◆ Your objective
Beginning with the first line and ending with the one containing "Sac banane - Cuir", copy the lines of the listing below exactly; omit everything else.

◆ Exercise inputs
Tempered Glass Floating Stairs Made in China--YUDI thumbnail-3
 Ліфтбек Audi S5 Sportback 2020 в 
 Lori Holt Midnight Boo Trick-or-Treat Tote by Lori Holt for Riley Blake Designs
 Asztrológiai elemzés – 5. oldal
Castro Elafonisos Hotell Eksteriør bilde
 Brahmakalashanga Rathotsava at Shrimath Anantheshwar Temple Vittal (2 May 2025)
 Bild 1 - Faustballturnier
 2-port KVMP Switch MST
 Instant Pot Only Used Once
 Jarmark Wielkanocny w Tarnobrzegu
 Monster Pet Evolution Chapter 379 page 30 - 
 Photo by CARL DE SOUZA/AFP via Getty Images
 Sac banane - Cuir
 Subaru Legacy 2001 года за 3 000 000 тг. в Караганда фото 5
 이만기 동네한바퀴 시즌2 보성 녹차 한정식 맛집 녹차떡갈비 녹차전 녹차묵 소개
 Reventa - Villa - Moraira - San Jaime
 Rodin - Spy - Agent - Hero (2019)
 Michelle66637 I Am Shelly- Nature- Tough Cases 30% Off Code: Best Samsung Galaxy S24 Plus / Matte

◆ Exercise result
Tempered Glass Floating Stairs Made in China--YUDI thumbnail-3
 Ліфтбек Audi S5 Sportback 2020 в 
 Lori Holt Midnight Boo Trick-or-Treat Tote by Lori Holt for Riley Blake Designs
 Asztrológiai elemzés – 5. oldal
Castro Elafonisos Hotell Eksteriør bilde
 Brahmakalashanga Rathotsava at Shrimath Anantheshwar Temple Vittal (2 May 2025)
 Bild 1 - Faustballturnier
 2-port KVMP Switch MST
 Instant Pot Only Used Once
 Jarmark Wielkanocny w Tarnobrzegu
 Monster Pet Evolution Chapter 379 page 30 - 
 Photo by CARL DE SOUZA/AFP via Getty Images
 Sac banane - Cuir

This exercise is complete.